Overview

The search function that’s generated for your index can accept query objects instead of a query string. Nearly all the query types implemented in Tantivy, our underlying search engine, are exposed to Postgres.

Query objects are composable, allowing for arbitrarily fine-grained queries. A query string itself is parsed into a query object, and can be used anywhere in a query tree with paradedb.parse.

paradedb.parse is implicitly performed if a query string is passed directly to the search function. These two queries are identical:

SELECT * FROM search_idx.search('description:shoes');

SELECT * FROM search_idx.search(query => paradedb.parse('description:shoes'));

Query Types

The paradedb schema exposes the following functions to construct query objects.

All

This query type indiscriminately matches every document in the index, assigning a uniform score of 1.0 to each.

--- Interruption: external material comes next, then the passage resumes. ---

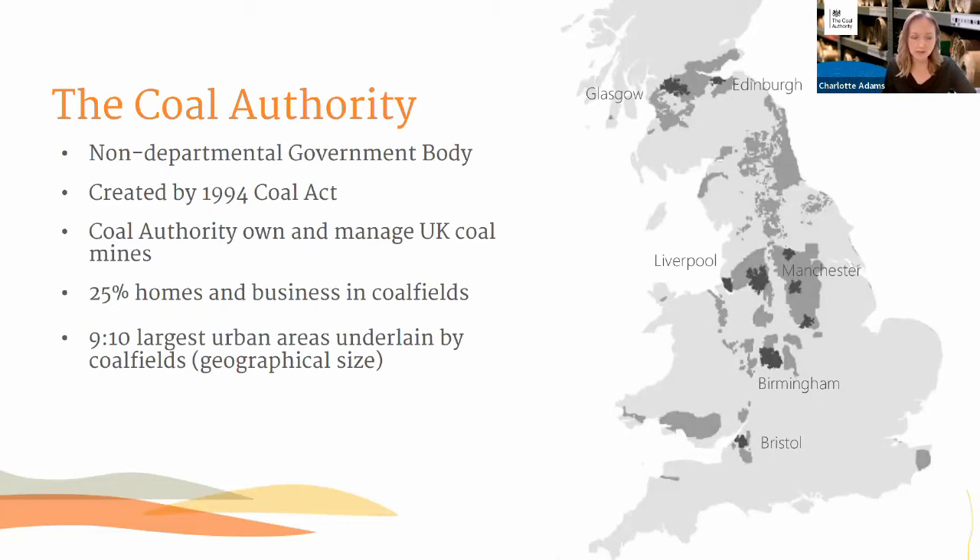As John has already mentioned, there's a really good overlap between where there's heat demand and where there's coalfields. It's not surprising because so many of our towns and cities were built on the strength of the coal resources that lay beneath them.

SELECT * FROM search_idx.search(
    query => paradedb.all()
);

Boolean

Boolean queries filter documents based on the logical relationships defined by their subqueries, considering:

  • Documents that satisfy all must conditions.
  • Documents that satisfy none of the must_not conditions.
  • Documents that satisfy at least one condition from either must or should.
SELECT * FROM search_idx.search(
    query => paradedb.boolean(
	    should => ARRAY[
		    paradedb.parse('description:shoes'),
		    paradedb.phrase_prefix(field => 'description', phrases => ARRAY['book']),
		    paradedb.term(field => 'description', value => 'speaker'),
		    paradedb.fuzzy_term(field => 'description', value => 'wolo')
	    ]
    )
);
must

A query object or an ARRAY of query objects as conditions which must be matched.

must_not

A query object or an ARRAY of query objects as conditions which must not be matched.

should

A query object or an ARRAY of query objects as conditions of which at least one must be matched.

Boost

A boost query wraps around another query to amplify its scoring impact, without altering the set of matched documents.

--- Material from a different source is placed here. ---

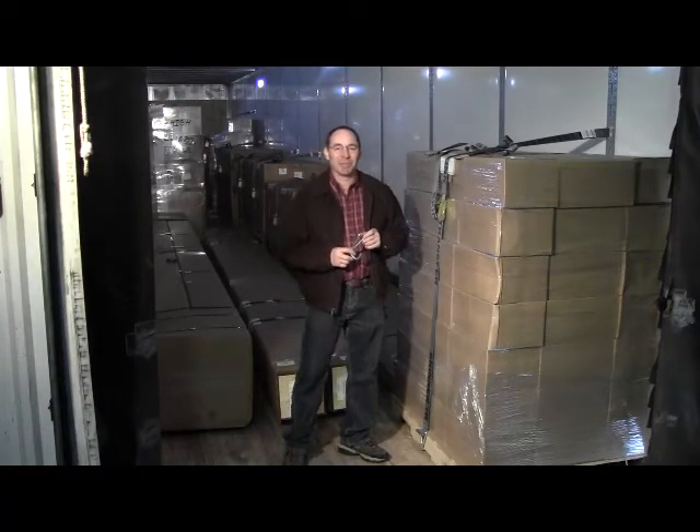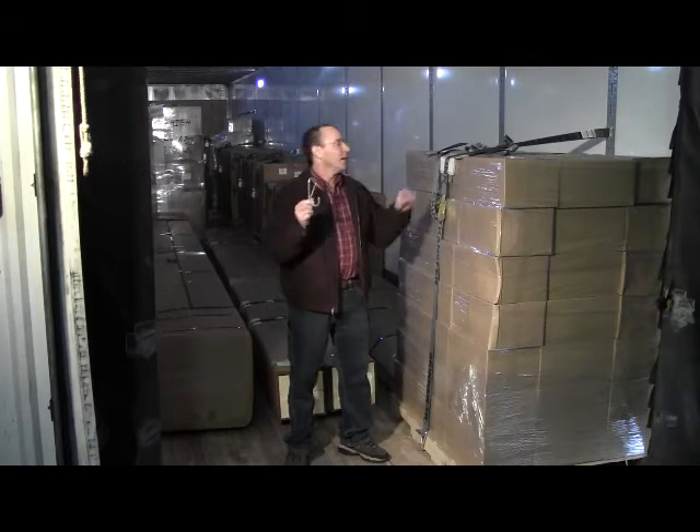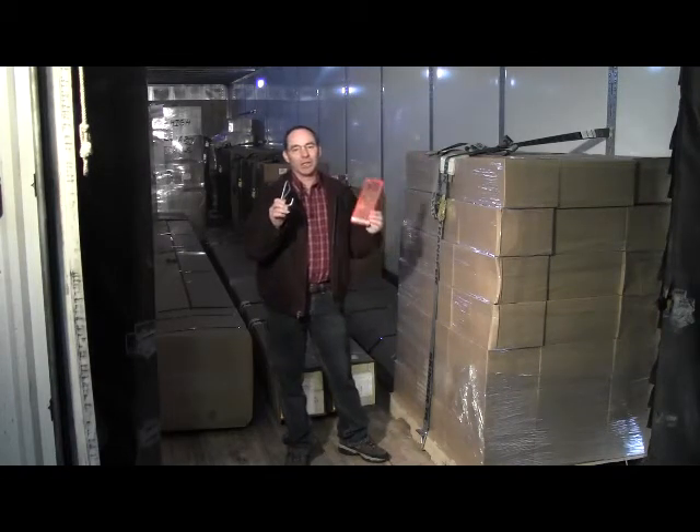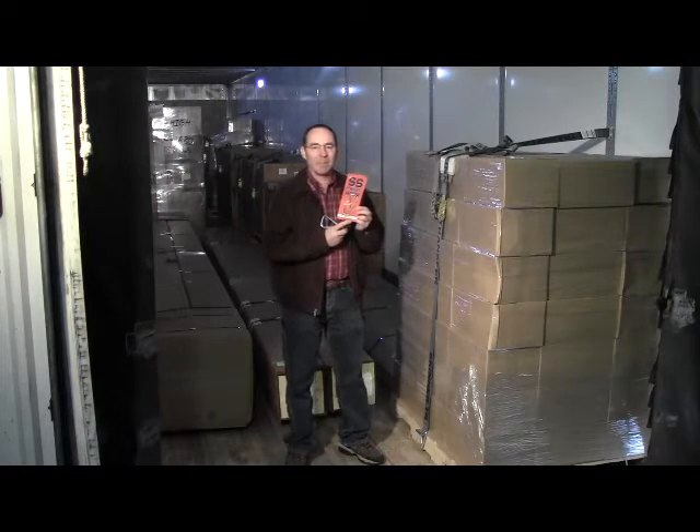Hello, I'm Mike Stromberg, Vice President of Operations at Skinner Transfer in Reedsburg, Wisconsin and inventor of the SS pallet hook. You can find the SS pallet hook at www.cargostrategies.com.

SELECT * FROM search_idx.search(
	query => paradedb.boost(query => paradedb.all(), boost => 1.5)
);
boost

The factor by which to multiply the score of each result.

query
The query to perform.

Const Score

Applies a constant score across all documents matched by the underlying query. It can avoid unnecessary score computation on the wrapped query.

SELECT * FROM search_idx.search(
    query => paradedb.const_score(query => paradedb.all(), score => 3.9)
);
score
The constant score to use for each result.
query
The query to perform.

Disjunction Max

Returns documents that match one or more of the specified subqueries. If a document matches multiple criteria, it receives the highest score from those matches, with a slight increase for any additional matches.

SELECT * FROM search_idx.search(
	query => paradedb.disjunction_max(
		disjuncts => ARRAY[paradedb.parse('description:shoes')]
	)
);
disjuncts
Query objects to match against.
tie_breaker

A tie breaking increment for matching subqueries

Empty

Serves as a placeholder, matching no documents. It’s useful for testing scenarios or specific edge cases.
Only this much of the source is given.